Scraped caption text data
########

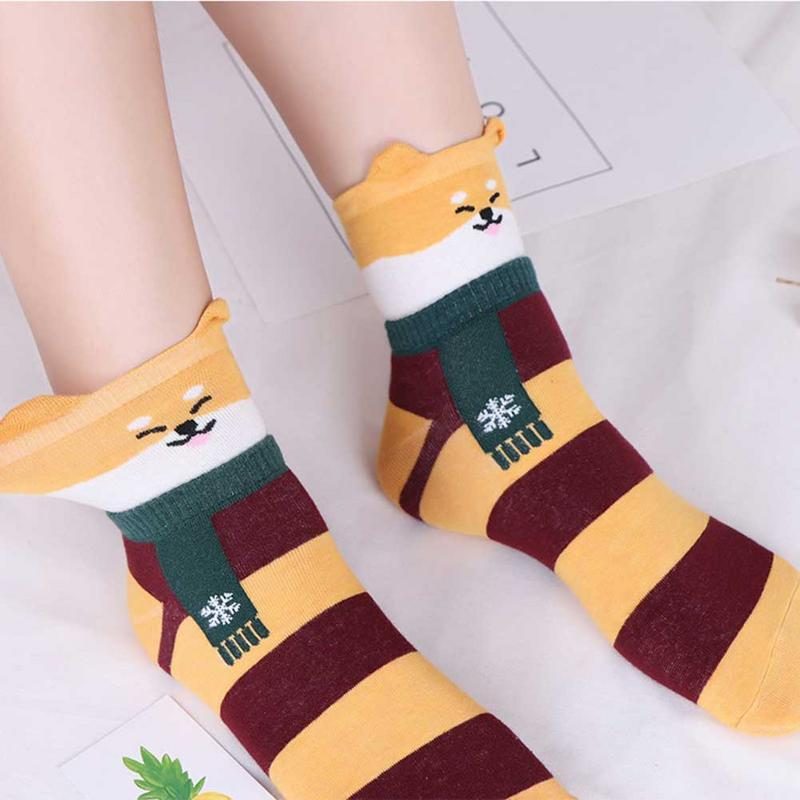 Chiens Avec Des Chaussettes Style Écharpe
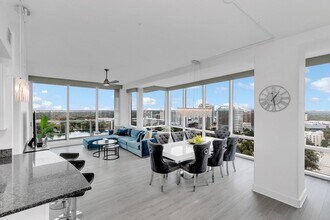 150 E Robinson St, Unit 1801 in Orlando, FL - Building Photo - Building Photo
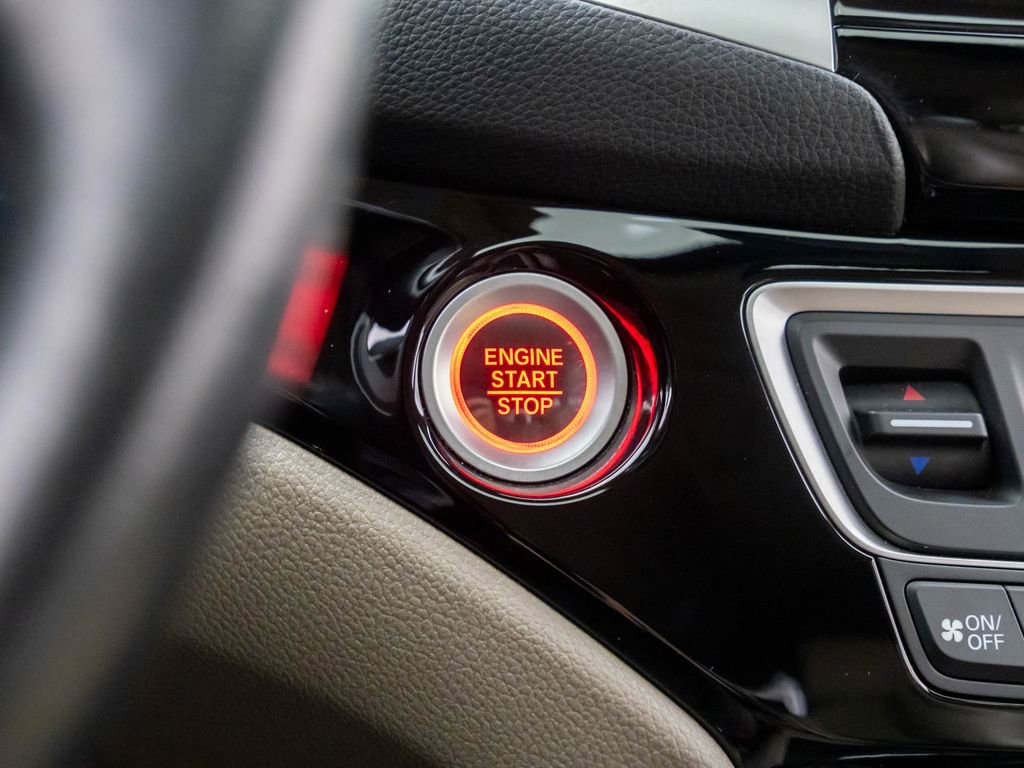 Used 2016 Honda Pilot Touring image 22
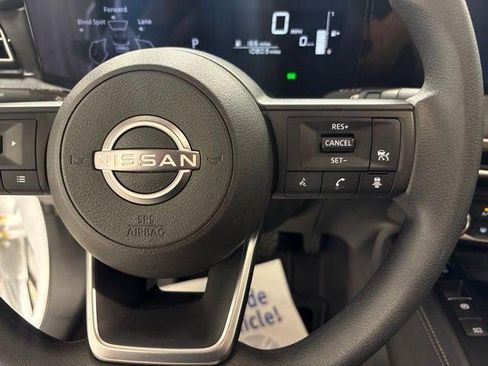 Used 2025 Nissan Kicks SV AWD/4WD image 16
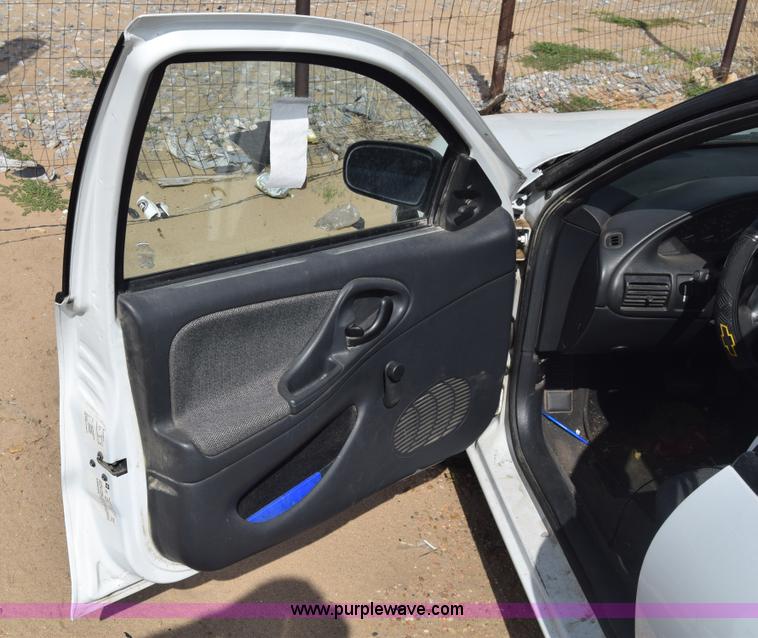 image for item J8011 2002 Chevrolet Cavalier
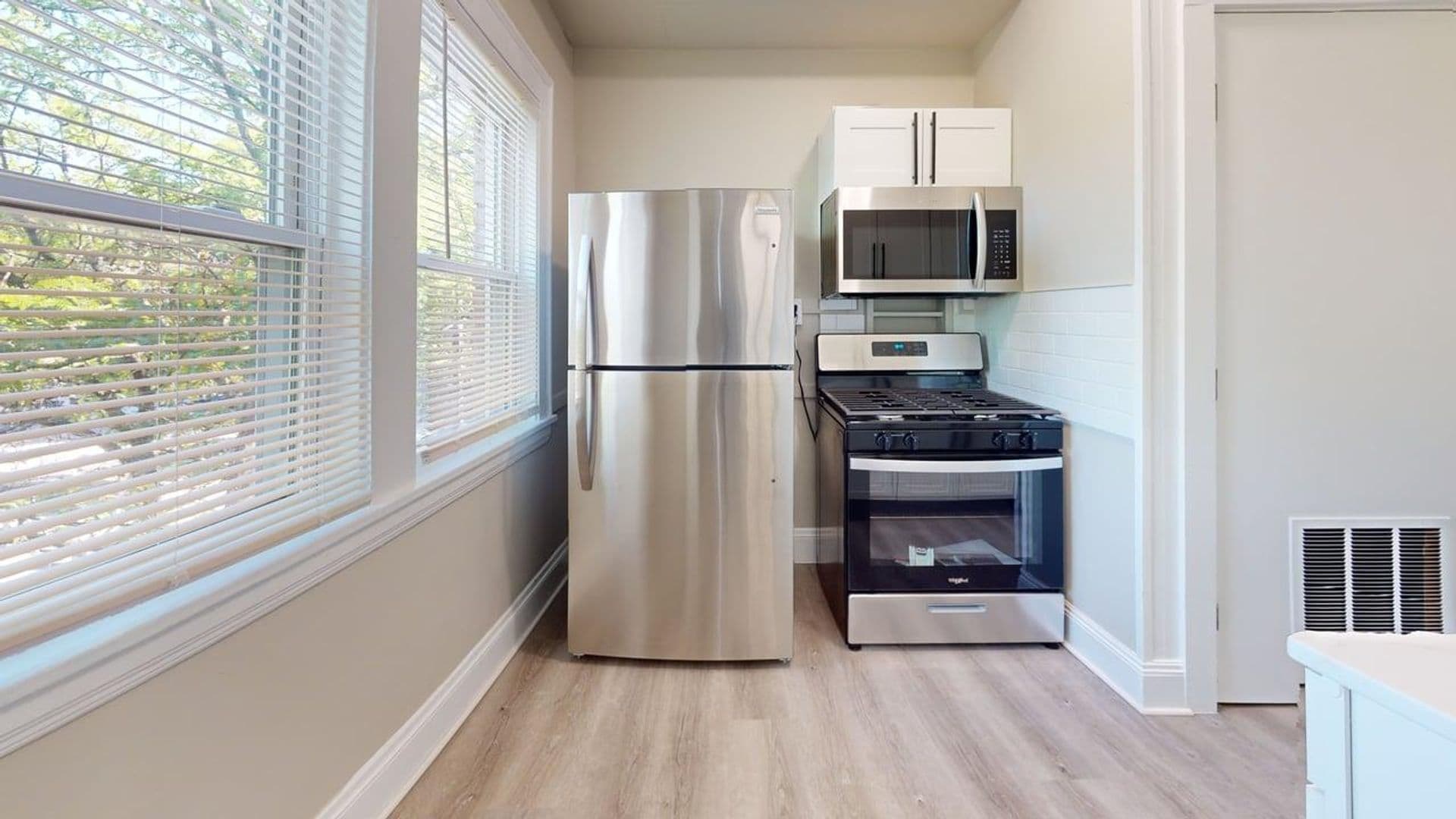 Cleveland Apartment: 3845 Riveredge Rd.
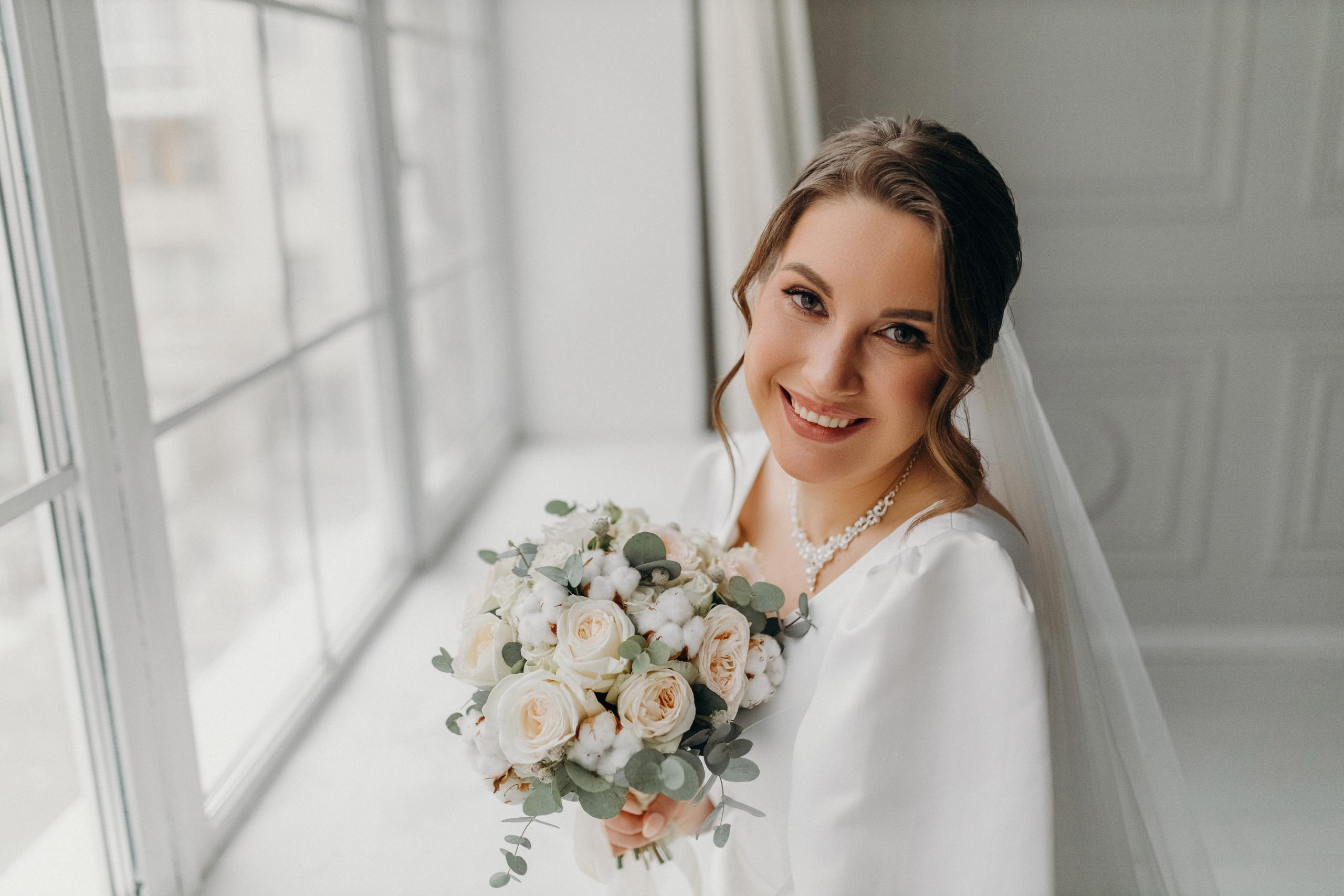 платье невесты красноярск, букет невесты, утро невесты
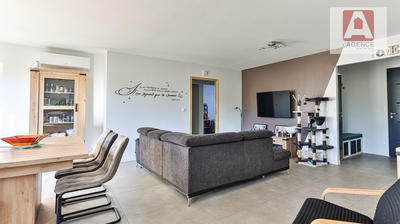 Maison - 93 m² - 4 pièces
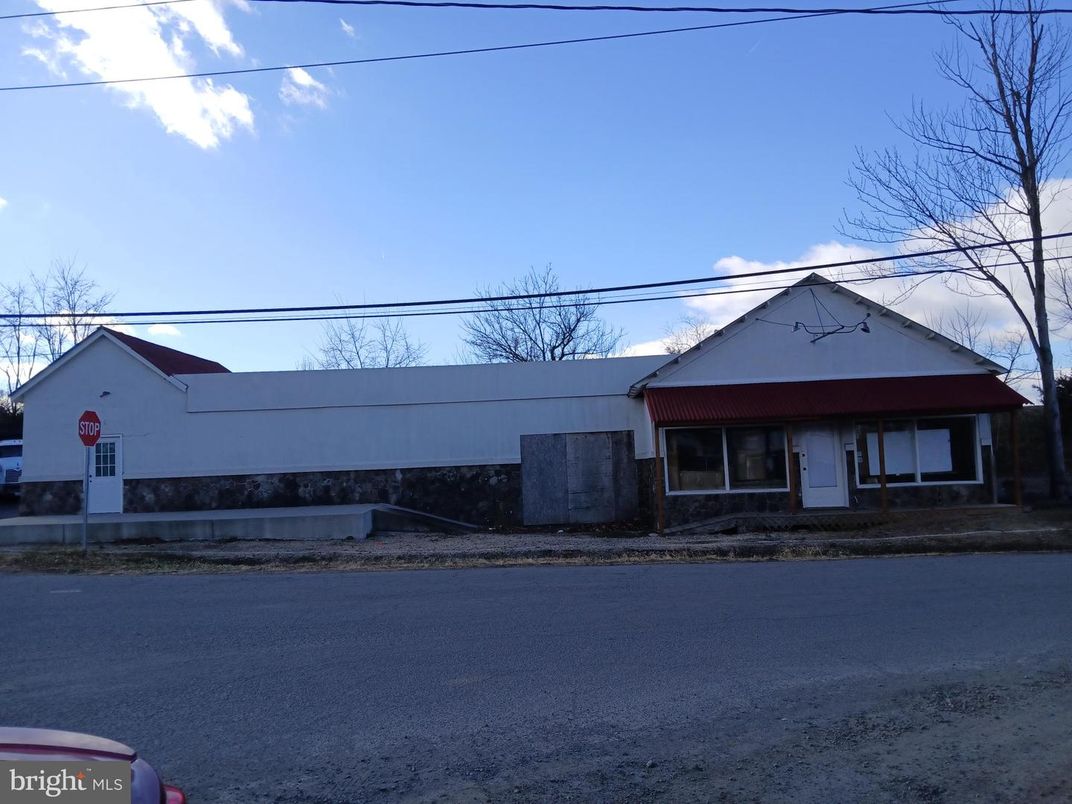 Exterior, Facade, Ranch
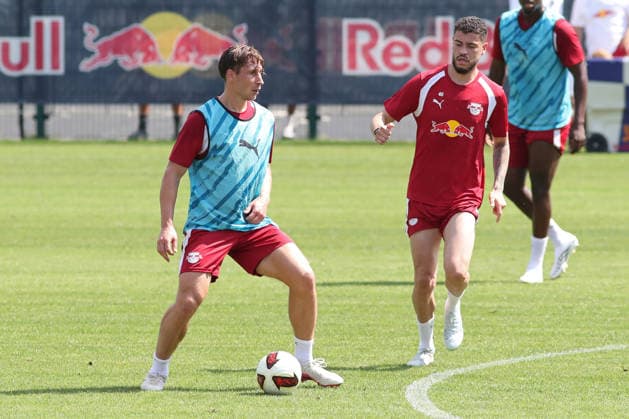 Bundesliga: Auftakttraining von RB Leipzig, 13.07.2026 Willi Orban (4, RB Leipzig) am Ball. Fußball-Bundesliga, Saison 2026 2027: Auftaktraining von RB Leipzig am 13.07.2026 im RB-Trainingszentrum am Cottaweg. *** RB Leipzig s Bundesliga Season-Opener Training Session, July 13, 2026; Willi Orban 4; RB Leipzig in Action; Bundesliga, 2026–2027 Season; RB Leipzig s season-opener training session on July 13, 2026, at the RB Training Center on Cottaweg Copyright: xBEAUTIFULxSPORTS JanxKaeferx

########

# TASK ITEM
Every line above from the one with "image for item J8011 2002 Chevrolet Cavalier" down to the one with "Exterior, Facade, Ranch" must be written out exactly, and no picture may appear.

# RESPONSE TO THE TASK
 image for item J8011 2002 Chevrolet Cavalier
 Cleveland Apartment: 3845 Riveredge Rd.
 платье невесты красноярск, букет невесты, утро невесты
 Maison - 93 m² - 4 pièces
 Exterior, Facade, Ranch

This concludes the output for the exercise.